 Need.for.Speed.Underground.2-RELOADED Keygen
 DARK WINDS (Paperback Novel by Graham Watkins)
|---|
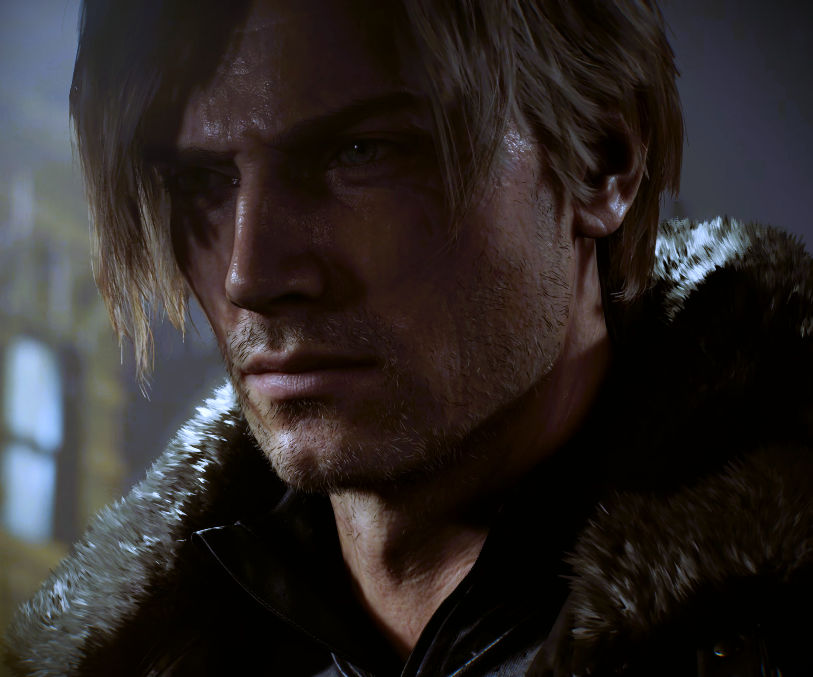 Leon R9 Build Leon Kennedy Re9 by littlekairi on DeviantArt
|---|
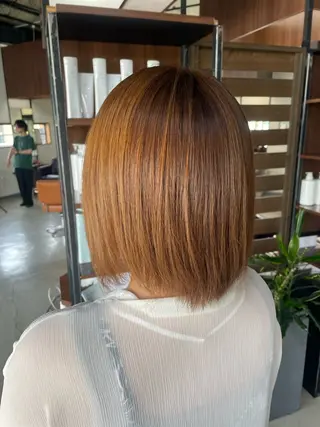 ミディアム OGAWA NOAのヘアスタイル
|---|
* WHAT NEEDS TO BE DONE: For this exercise, repeat exactly the lines of the data above from the one with "Need.for.Speed.Underground.2-RELOADED Keygen" down to the one with "DARK WINDS (Paperback", both end lines included.

* EXPECTED OUTPUT:
 Need.for.Speed.Underground.2-RELOADED Keygen
 DARK WINDS (Paperback Novel by Graham Watkins)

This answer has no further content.